The European Hyperloop sets a new speed record and accelerates towards 700 km/h.

Barcelona and Paris could be just an hour away . Currently, a direct flight takes around 1 hour and 55 minutes, a high-speed train journey takes about 6 hours and 16 minutes, and a car journey takes about 10 hours. The promise of Hyperloop, the project pioneered by Elon Musk a decade ago, seeks to take trains to speeds exceeding 1,000 km/h via capsules traveling in vacuum tubes. Several European companies are conducting full-scale tests to validate the technology and prepare for its commercial deployment, which is not imminent.

Hardt Hyperloop has set a new milestone in Europe. In its most recent test at the European Hyperloop Center in Veendam, the Netherlands, the pod reached 85 km/h and successfully completed a lane-change maneuver. Projected to life-size, this speed would be equivalent to around 700 km/h, approaching the goals envisioned for commercial Hyperloop and demonstrating how pods can change lanes without losing stability or control.

The European Hyperloop Center is designed to test all critical elements of the system. Its 420-meter track allows for testing magnetic levitation, propulsion, and autonomous control of the pods, replicating conditions that closely resemble real-life Hyperloop operations. This infrastructure facilitates rapid prototype testing and engineering adjustments, providing European companies with a safe environment to experiment with different technologies without compromising stability or efficiency.

Hardt Hyperloop isn't the only company working in Europe. Swisspod in Switzerland and Zeleros in Spain are also developing advanced pods and propulsion systems, each with its own particular focus on magnetic levitation and energy efficiency. Collaboration between these companies, universities, and research centers allows for knowledge sharing and accelerated innovation, fine-tuning designs and testing new materials before commercial implementation.

The tests conducted so far have a dual purpose: first, to achieve record speeds, and second, to verify the feasibility of complex maneuvers and the capsules' autonomous operation. Each test provides essential data that allows for optimizing aerodynamics, improving safety, and increasing system efficiency. These results are used to fine-tune capsule designs, test new materials, and refine the propulsion and magnetic levitation systems.

Hardt Hyperloop emphasizes that "this breakthrough is an important step toward making Hyperloop a scalable and sustainable transportation technology." Company officials add that "the testing infrastructure allows for simulating real-world operating conditions and fine-tuning prototypes before commercial implementation."

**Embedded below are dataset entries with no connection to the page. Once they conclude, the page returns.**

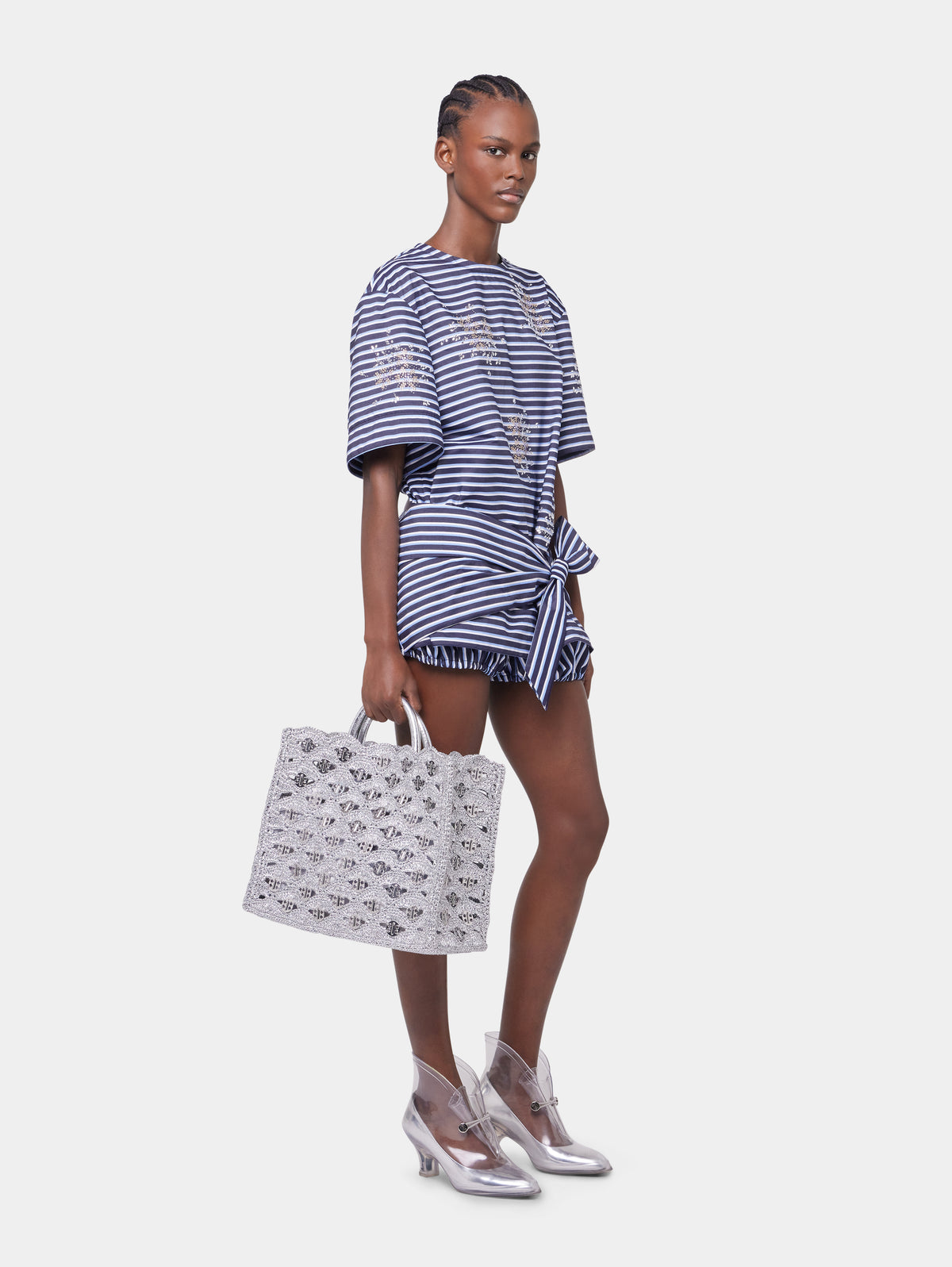 STRIPED WHITE AND BLUE EMBROIDERED TEE-SHIRT IN COTTON POPLIN position 4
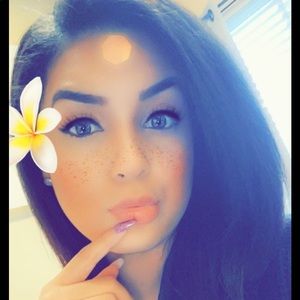 Meet your Posher, Dania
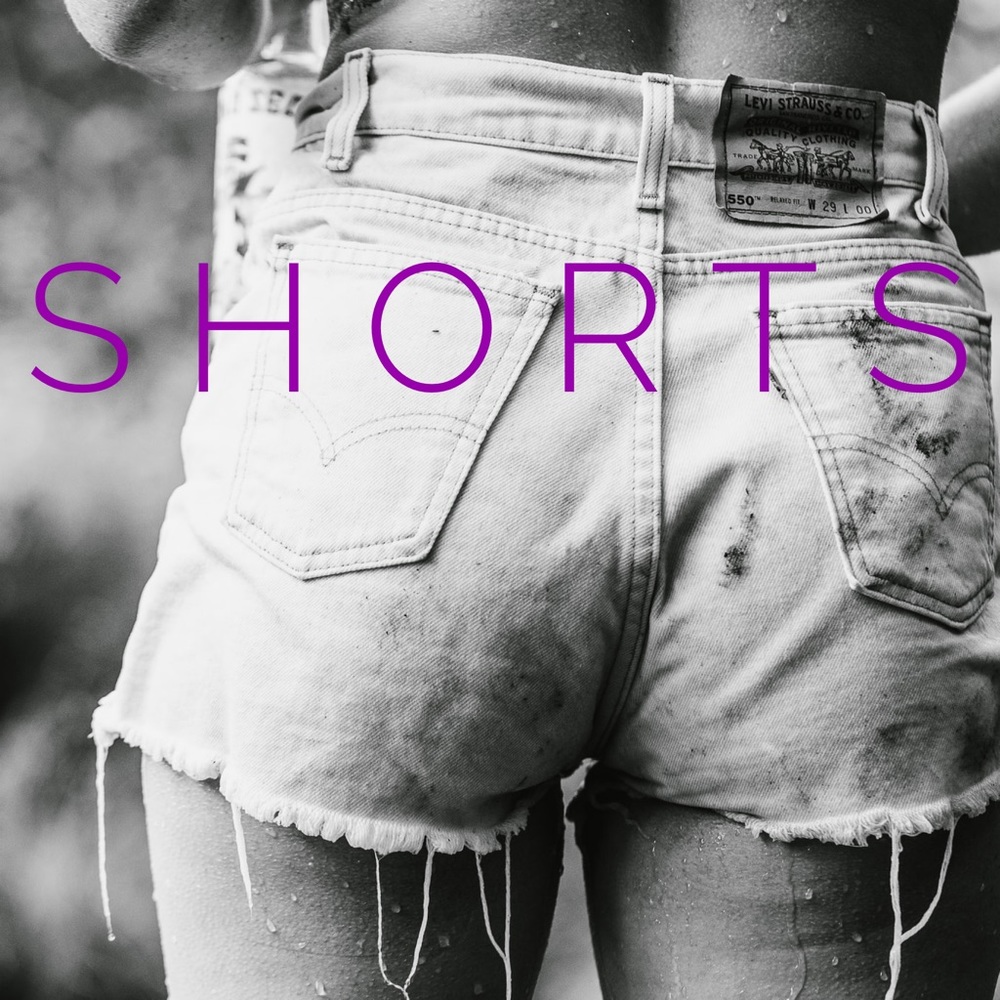 Shorts - Picture 2 of 3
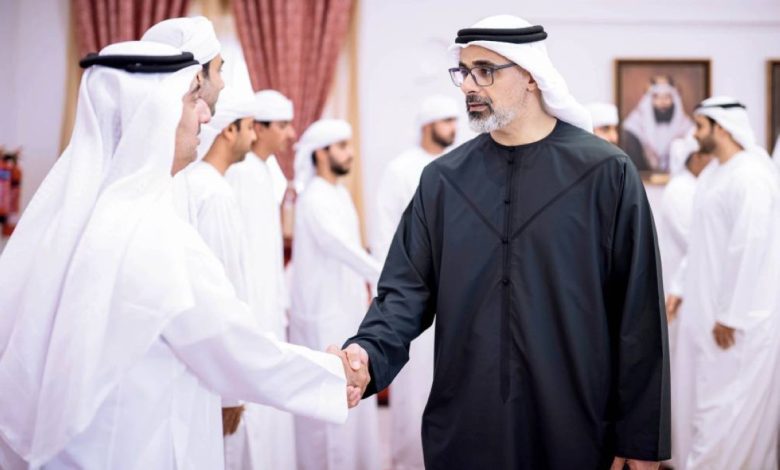 خالد بن محمد يقدم تعازيه القلبية في وفاة سعيد النيادي: لحظات مؤثرة في وداع الراحل 1 خالد بن محمد يقدم تعازيه القلبية في وفاة سعيد النيادي: لحظات مؤثرة في وداع الراحل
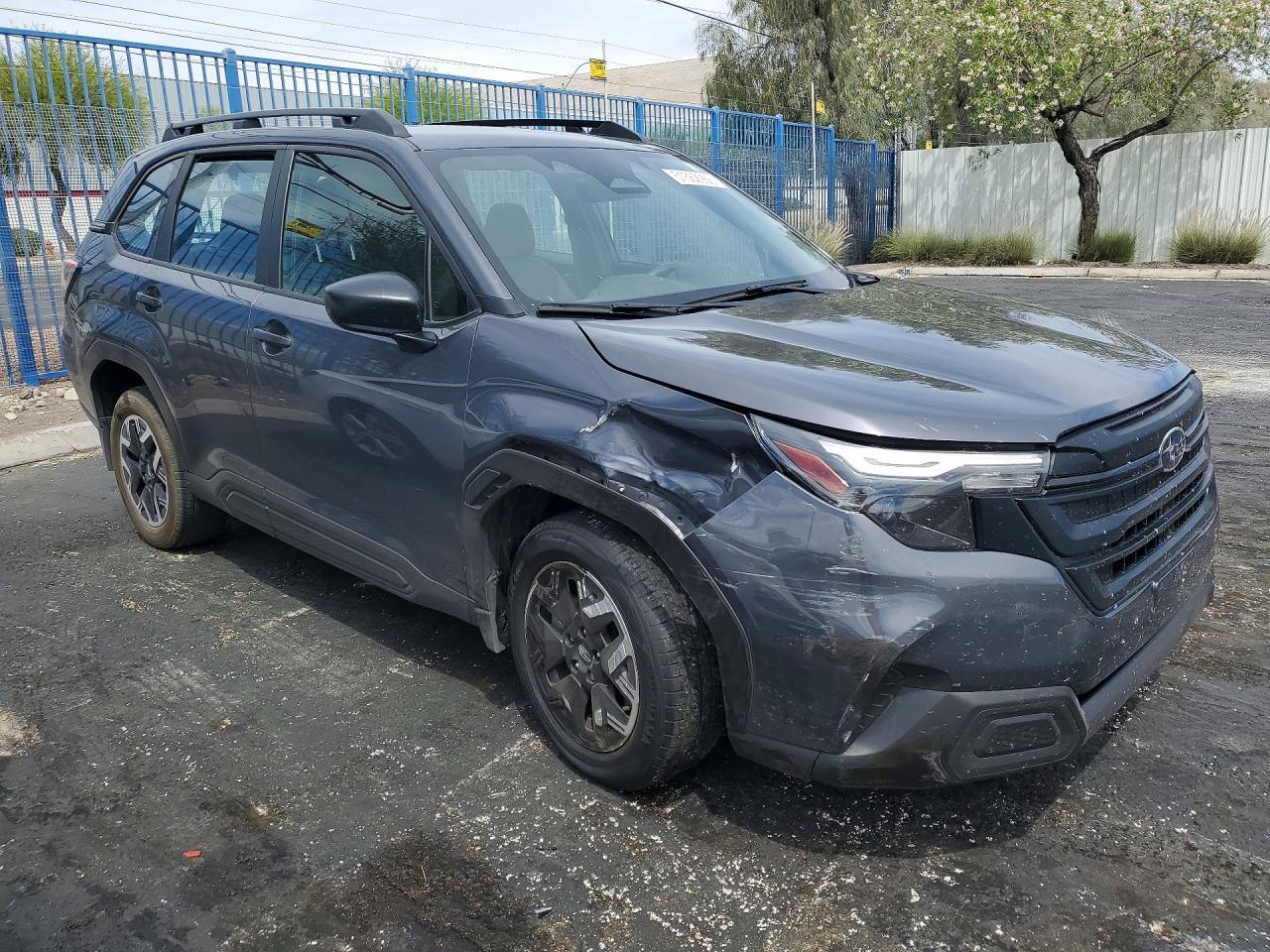 2025 Subaru Forester - zdjęcie 4
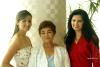 Isabel Ruiz Fernández (izq) fue festejada recientemente con una despedida de soltera, la acompañan su mamá Concepción Fernández de Ruiz y su hermana Chiquis Ruiz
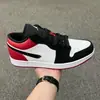 Zapatos Putian transfronterizos comercio exterior al por mayor zapatillas deportivas casuales versátiles de moda Jordan 1 para parejas, AJ1 de caña baja, zapatillas de panda para hombre y mujer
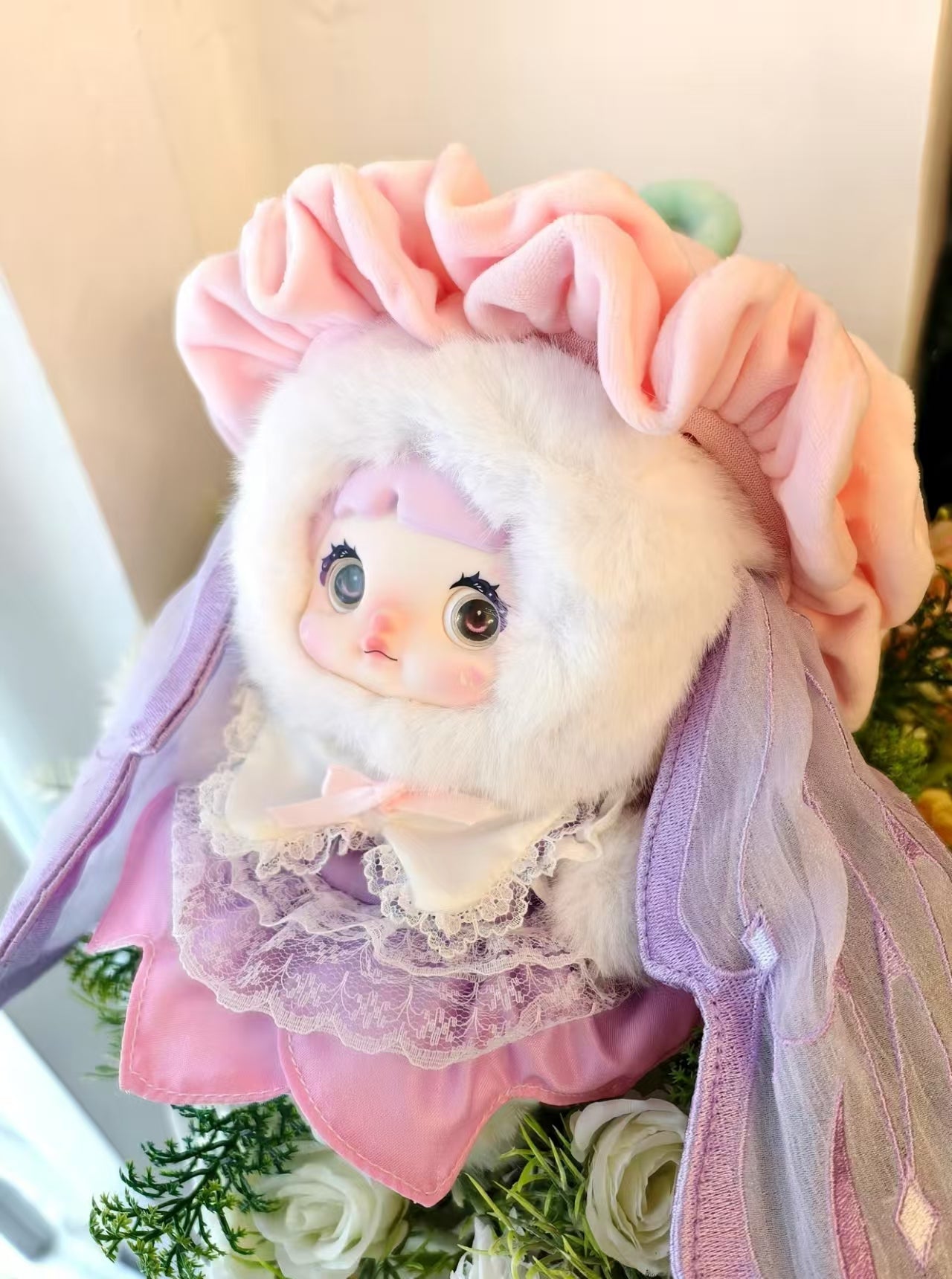 Nommi-Freesia Plush hanging card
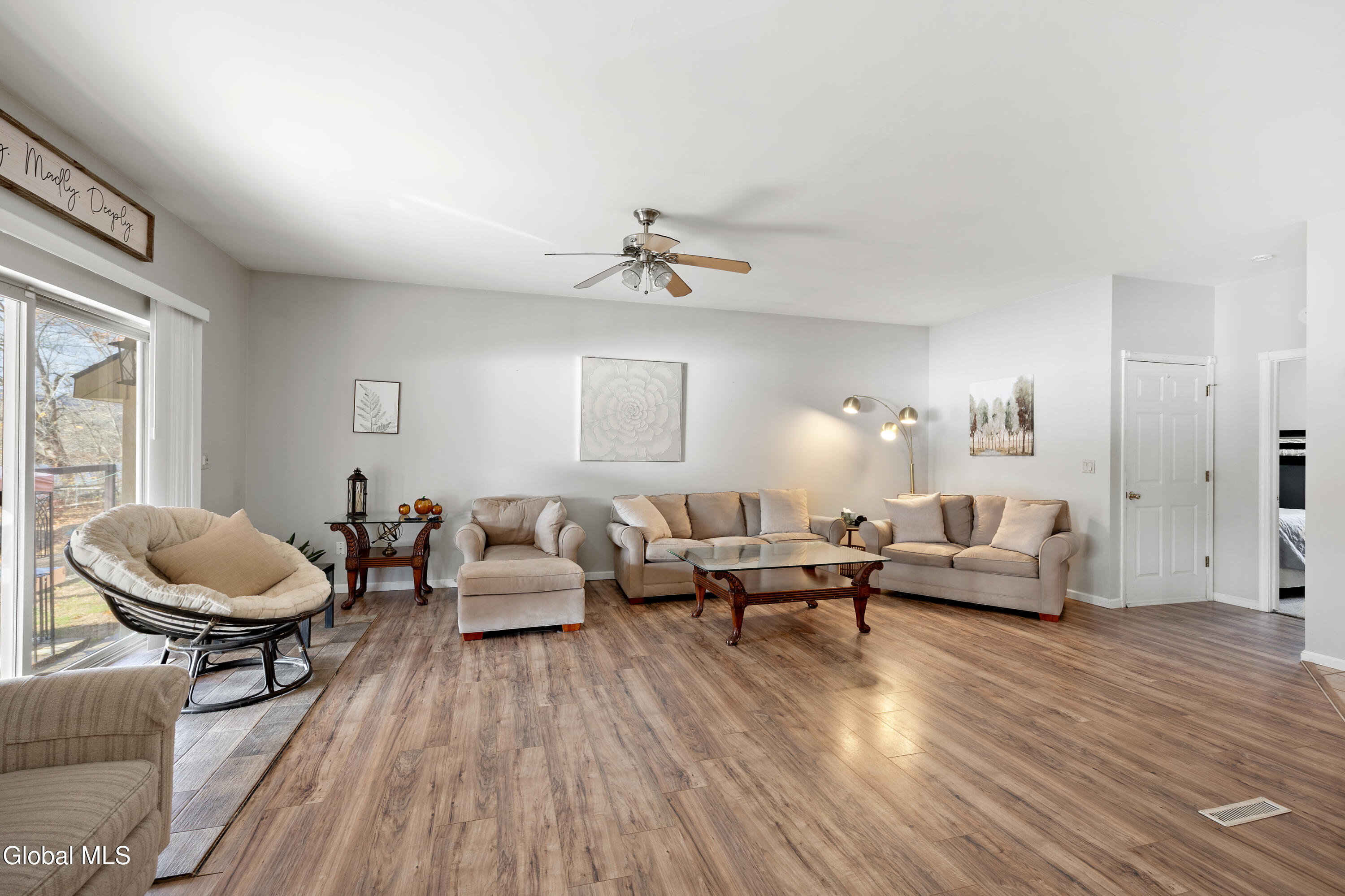 4 Big Bay Road Queensbury, NY 12804 - Photo 11 of 91 1 (32)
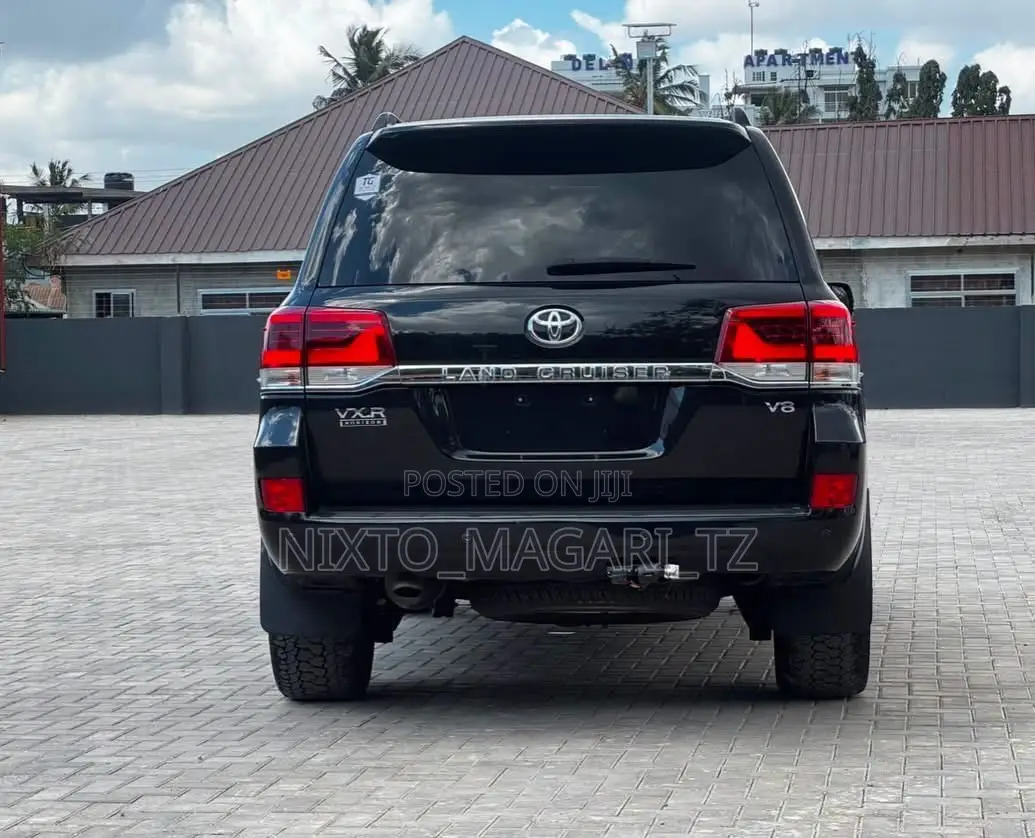 Toyota Land Cruiser 2021 Black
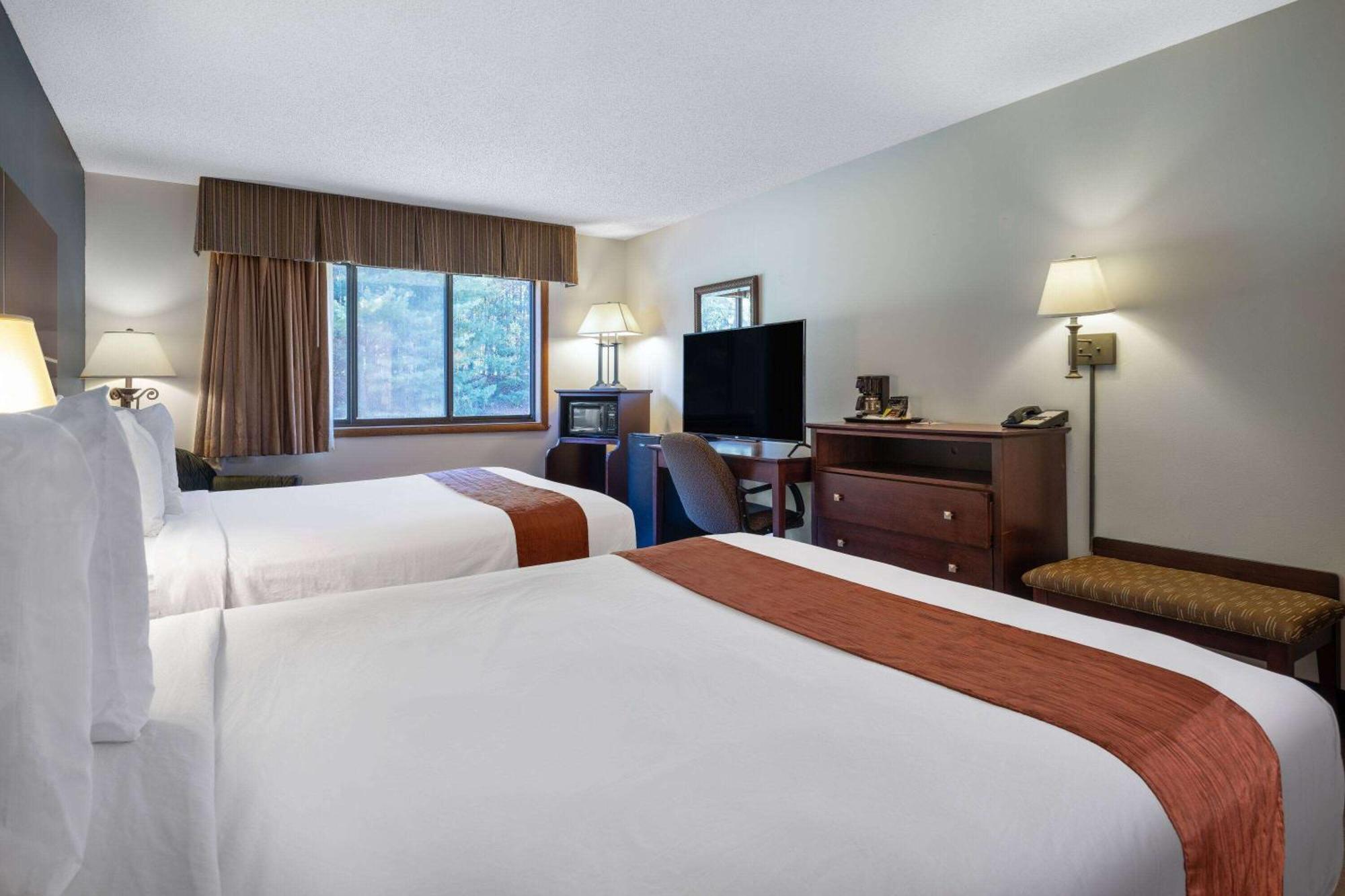 Travelodge By Wyndham Merrill מראה חיצוני תמונה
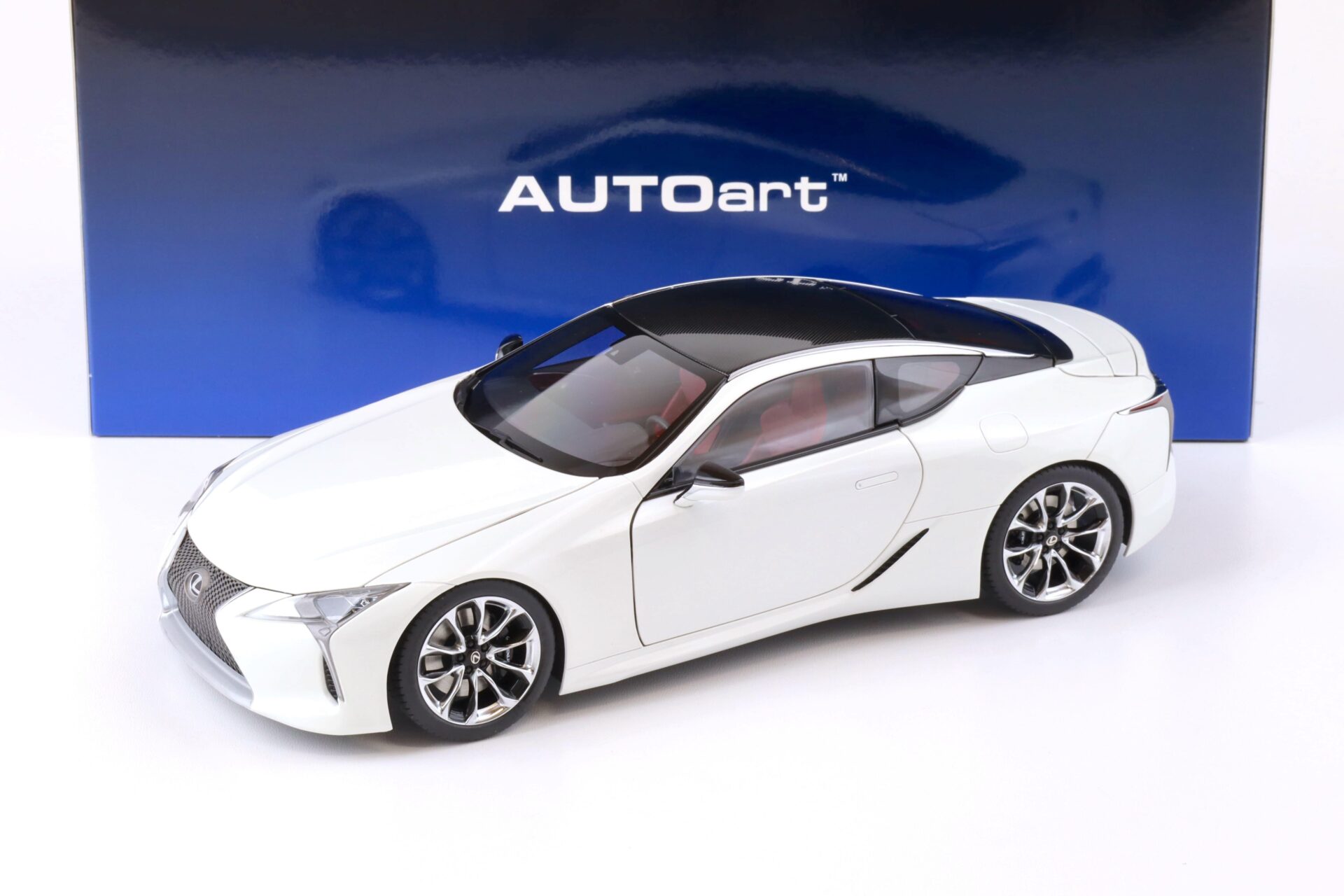 1:18 AUTOart Lexus LC500 Coupe metallic white/ dark rose interior 78872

The test's greatest success was the lane-change maneuver. The pod completed this section with complete stability and without losing control, demonstrating the reliability of the Hardt Hyperloop design. After reaching 85 km/h (53 mph) in the first 459 meters, it successfully performed the lane-change maneuver over a 155-meter stretch and finally traveled the final 100 meters of the track while gradually slowing to a smooth stop, safely closing the test and exceeding its original design speed.

Hardt's future plans include expanding its facilities and testing. To this end, it will build a 3- to 5-kilometer demonstration route, followed by a 30- to 50-kilometer operational line, as part of its commercial development plan. Global interest in this technology is accelerating following the approval of a demonstration line between Venice and Padua, Italy.